» REQUIREMENT
Please copy the lines below, exactly as they are, from the one with "PICTO 30 mm / Black dial / Rose gold necklace" through the one with "4 Pack Light", and leave out the pictures.

» EXCERPTED RECORDS
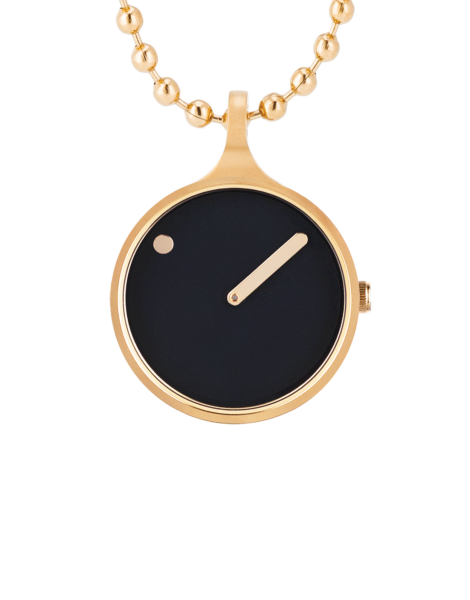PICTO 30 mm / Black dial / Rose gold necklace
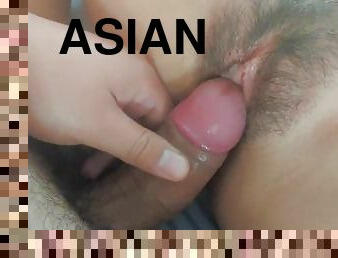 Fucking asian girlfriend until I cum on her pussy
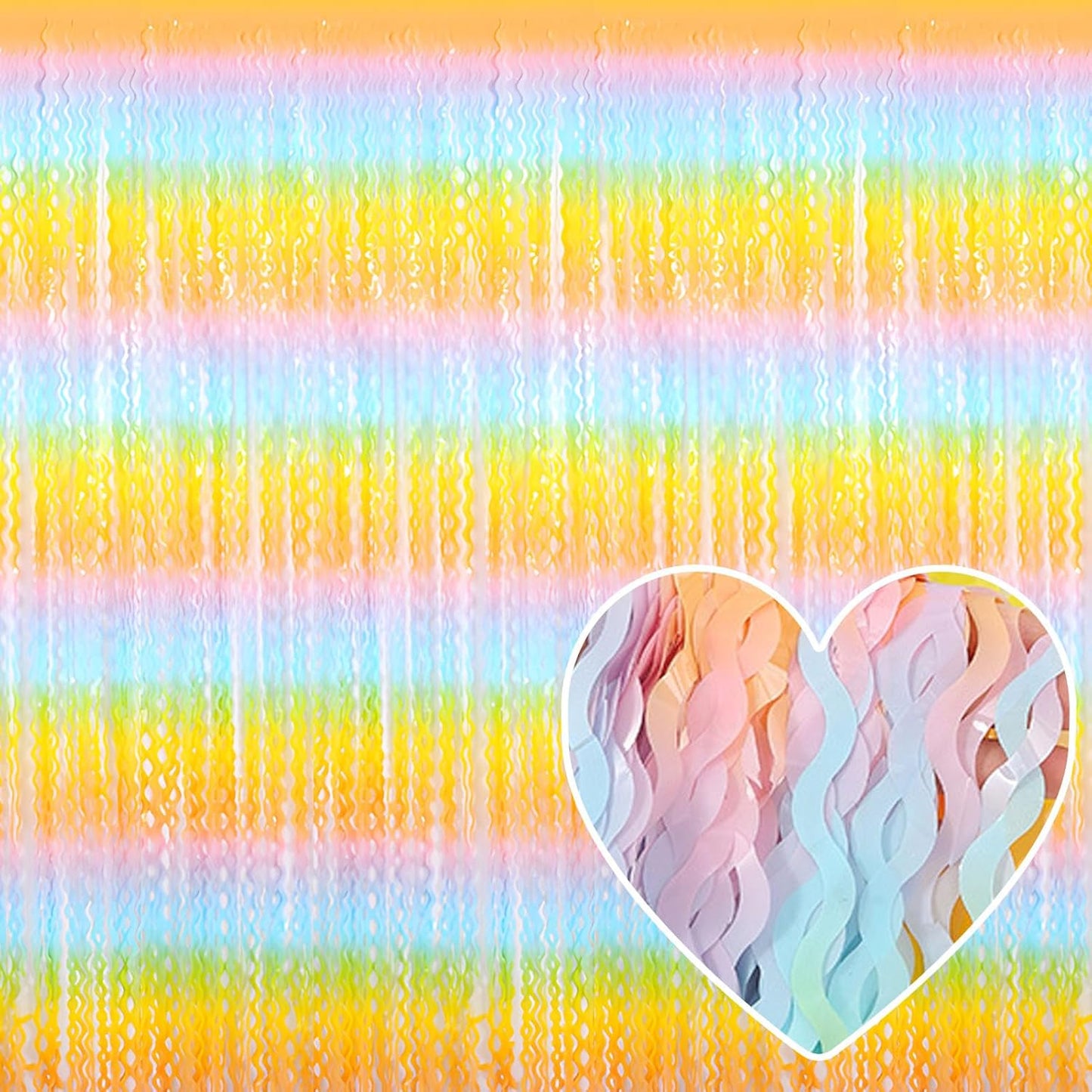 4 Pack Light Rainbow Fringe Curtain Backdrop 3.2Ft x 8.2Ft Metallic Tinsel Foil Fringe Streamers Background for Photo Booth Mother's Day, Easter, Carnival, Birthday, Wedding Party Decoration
--
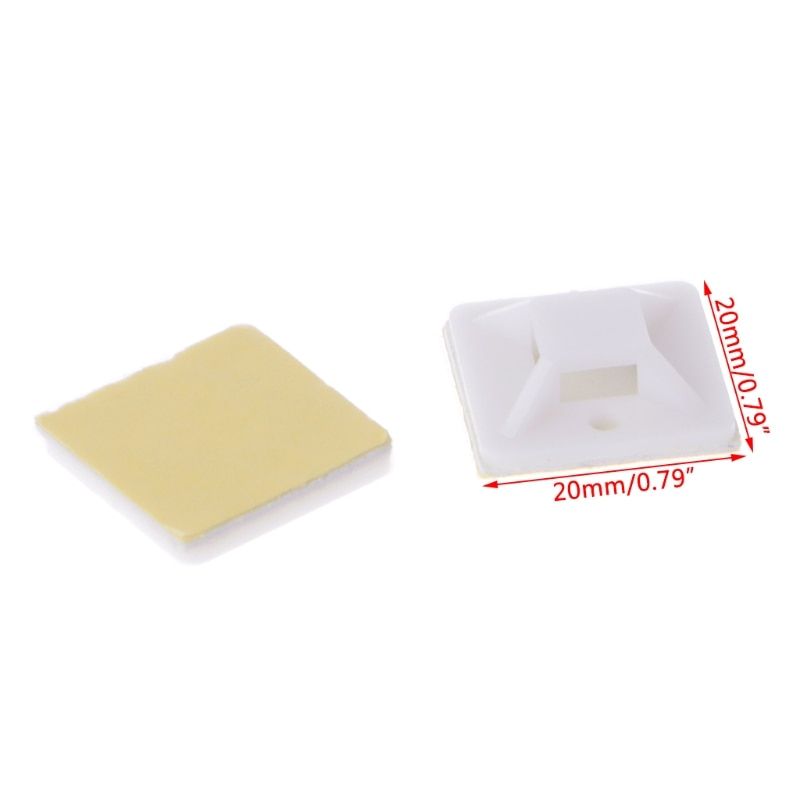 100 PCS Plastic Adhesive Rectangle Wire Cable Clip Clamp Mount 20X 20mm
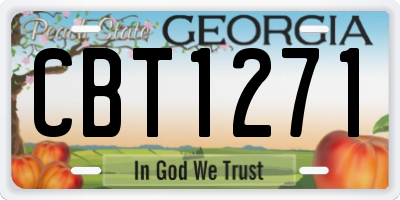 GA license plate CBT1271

» RESPONSE TO THIS TASK
PICTO 30 mm / Black dial / Rose gold necklace
 Fucking asian girlfriend until I cum on her pussy
 4 Pack Light Rainbow Fringe Curtain Backdrop 3.2Ft x 8.2Ft Metallic Tinsel Foil Fringe Streamers Background for Photo Booth Mother's Day, Easter, Carnival, Birthday, Wedding Party Decoration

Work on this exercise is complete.